What is a Data Protection Officer and Do You Need One?

GDPR brought sweeping changes to how companies think about data protection, and as a result, some companies will need to appoint a data protection officer (or DPO) to ensure ongoing compliance. With an estimated 28,000 new DPOs needed in just the US and Europe, companies should be making an effort to become more familiar with this position. So what is the role of a data protection officer, why are they so important, and who is best suited to step into this new position?

What Is a DPO Responsible for?

First and foremost, a DPO is tasked with helping a company understand how GDPR relates to the company’s business and advising both company management and employees on the proper steps to take to ensure compliance. While the DPO will also observe and evaluate risk as part of the compliance process, he or she should not make any decisions for the company, they are to act as an advisor only to ensure there is no conflict of interest.

What Kind of Companies Need to Hire a DPO?

There are two criteria that determine whether an entity needs to appoint a DPO: if the core activities of the company require regular and systematic monitoring of individuals on a large scale, and if the company is processing significant amount of sensitive data—either the “special categories” listed by GDPR or data related to criminal convictions and offences. In both cases, the data, if misused or leaked, can severely damage the privacy of the affected people, hence the need for a DPO regardless of the company’s size.

Some industries like banking or healthcare have had strict rules in place to assure individual privacy for decades, so these sectors will see less of an impact as a result of employing a DPO. Those companies that collect a lot of personal data and use that data to try to make money, like social media companies or advertisers, but also a lot of SaaS companies, might see more significant changes to the way they do business after hiring a DPO.

How Does a DPO Fit into a Company’s Structure?

Unlike most other roles within a company, the DPO must operate independently because their primary responsibility is the individual, and individual rights will frequently clash with company interests and goals. It would be nearly impossible for a DPO to balance the needs of these two disparate groups, which is why the DPO can have no other responsibilities that might affect individual privacy beyond those tasks specifically assigned to a DPO under GDPR, and should only provide recommendations upon which management must make the decision.

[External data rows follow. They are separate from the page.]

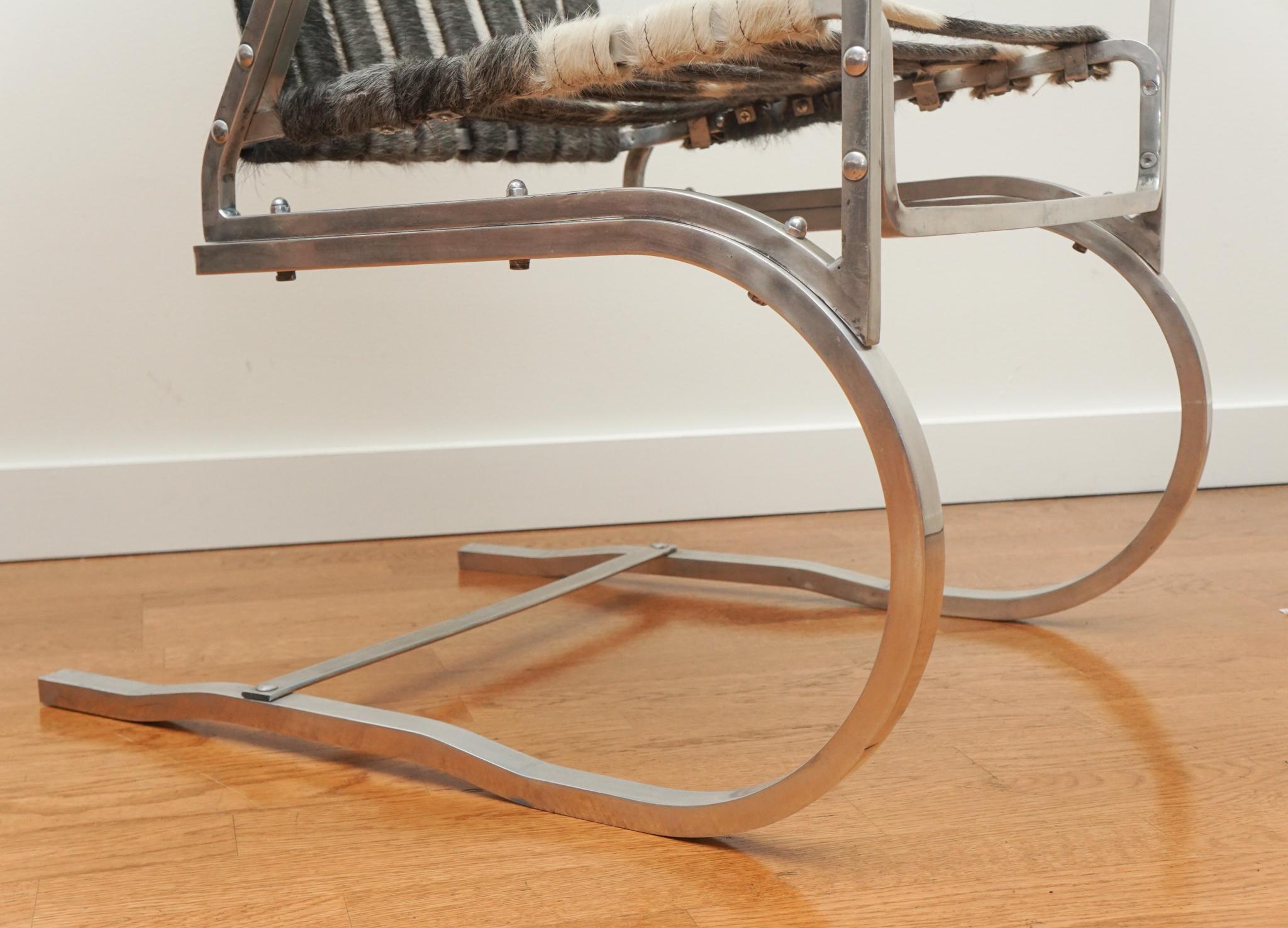 Vintage Aluminium Sessel mit Rindsleder Riemen im Angebot 2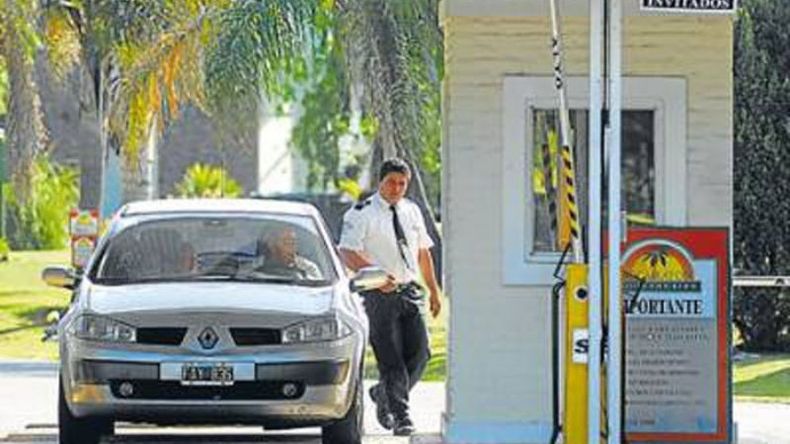 BOCA RATÓN. El country de Ruta 25, blanco de los ladrones..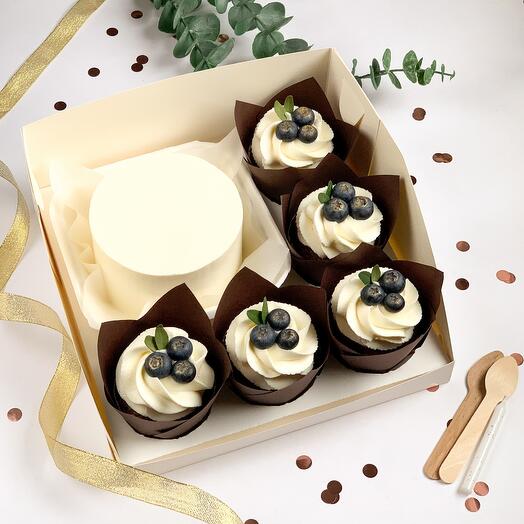 Un conjunto de pastel de Bento con su inscripción y 5 cupcakes
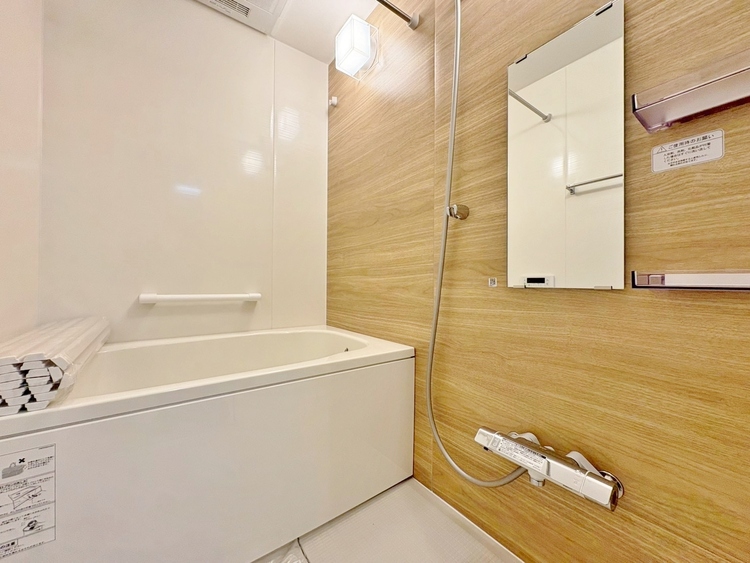 風呂 一日の疲れを癒すバスルームは、心地よいリラックスを叶える清潔感溢れる空間です。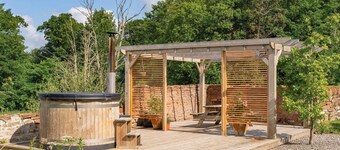 3 bedroom accommodation in Netherby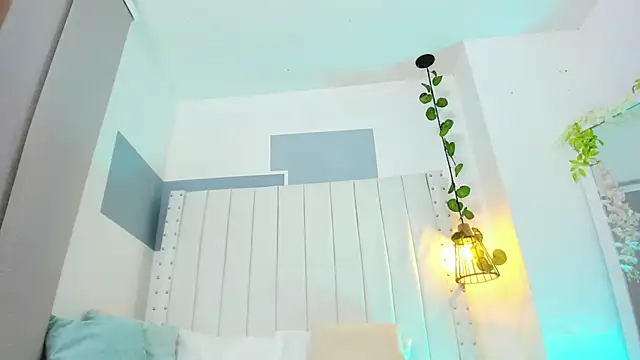 Snapshot of hannah_gray chatting on 10-17-25, 11:13 hannah gray online show from 10-17-25, 11:13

Furthermore, a company cannot dismiss a DPO based on his or her recommendations. As long as the action recommended by the DPO was part of a good faith effort to protect the individual, the company also cannot hold the DPO responsible for any penalties or ill effects. In the end, this requires that companies take the hiring of a DPO very seriously, rather than just appointing a straw person and blaming or even charging that person if things go wrong.

That being said, a DPO does not necessarily have to be a full-time role or even an employee. In particular, smaller companies may decide to outsource this role to an external privacy expert who serves as a contractor in an attempt to find a more cost-efficient way to comply with GDPR.

Who is Best Positioned to be a DPO?

Those best suited to the role of DPO should have extensive knowledge of data protection laws and practices as well as an understanding of how these fit into the market in which the company operates. This combination of skills enables a DPOto provide advice, ensure ongoing compliance, and conduct privacy impact assessments that are relevant and meaningful—not just a compliance theater. Obviously, those in an existing privacy officer position within the company or industry are good candidates. Similarly, those who want to become a DPO will be hard-pressed to find a program that goes beyond privacy law theory. Only by having a firm understanding of the unique challenges associated with a particular field can a DPO hope to successfully advise and guide a company through the challenges that GDPR compliance, and, more importantly, respect for individual privacy, brings.

What if a Company Does Not Need a DPO?

Even though not all companies need to appoint a DPO, companies that work with personal data or PII should always have a role that is responsible for privacy on a company level. Many companies call this role Privacy Officer, and while the positioning and requirements are typically very similar to the DPO role, companies obviously have more freedom as to where the Privacy Officer is positioned within the organization structure and what other tasks might be assigned to this role.